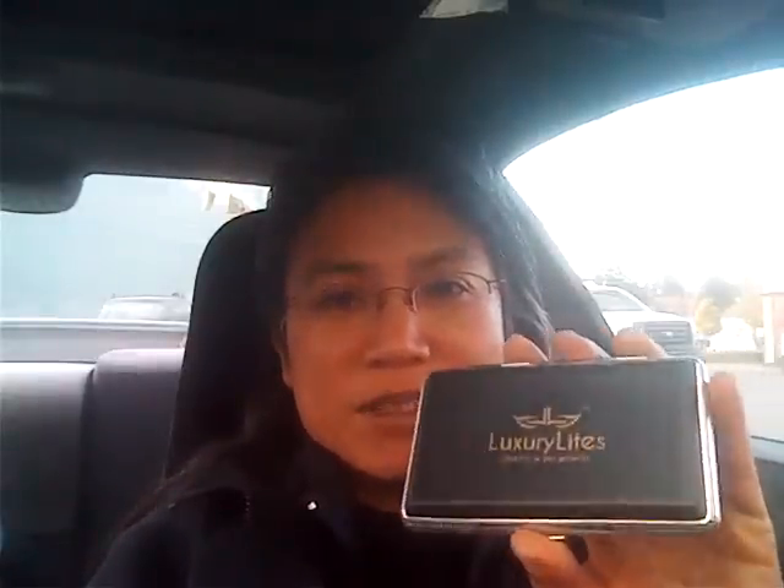It comes in a nice case — well, it didn't come with the case, I bought the case separately, and it's a cool case. I really love this case. It's leather and it comes in different colors — I got the black one. I think it also comes in red and other colors. Pretty handy. And this has been in my pocket constantly for the last three or four days, however long I've had it.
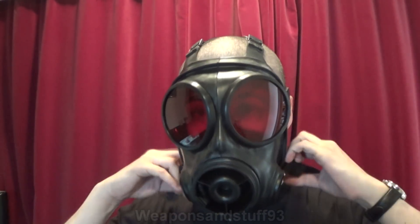Let me put the S10 on first and I'll show you it pressure checks. I know there's no filter on that but it doesn't matter for this video. As you can see, the S10 pressure checks.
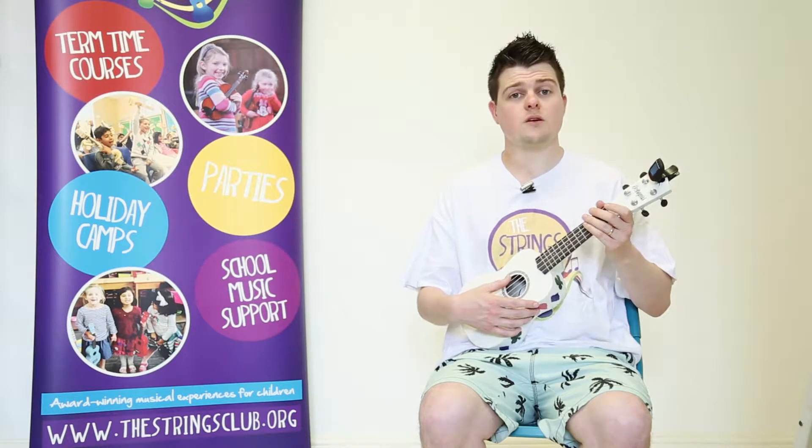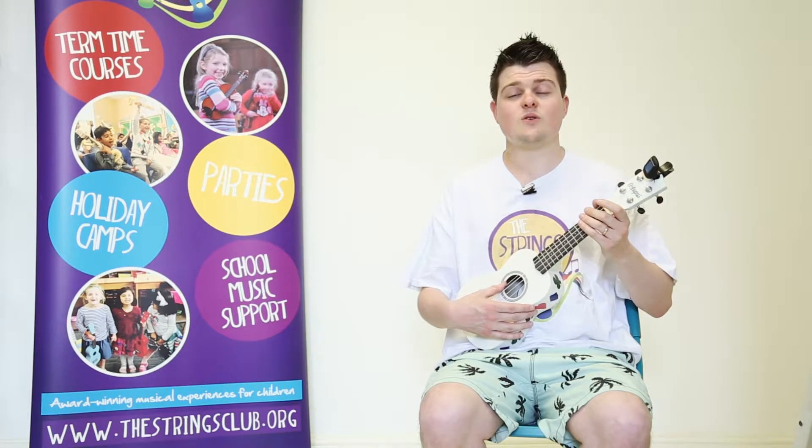You can also sing them to help you remember, like this: G, C, E, A. Shall we try that again? Ready? One, two, three. G, C, E, A.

TASK DETAILS ::
Every line of the data is to be transcribed exactly, and no picture is to be included.

REPLY TO THE TASK ::
It comes in a nice case — well, it didn't come with the case, I bought the case separately, and it's a cool case. I really love this case. It's leather and it comes in different colors — I got the black one. I think it also comes in red and other colors. Pretty handy. And this has been in my pocket constantly for the last three or four days, however long I've had it.
Let me put the S10 on first and I'll show you it pressure checks. I know there's no filter on that but it doesn't matter for this video. As you can see, the S10 pressure checks.
You can also sing them to help you remember, like this: G, C, E, A. Shall we try that again? Ready? One, two, three. G, C, E, A.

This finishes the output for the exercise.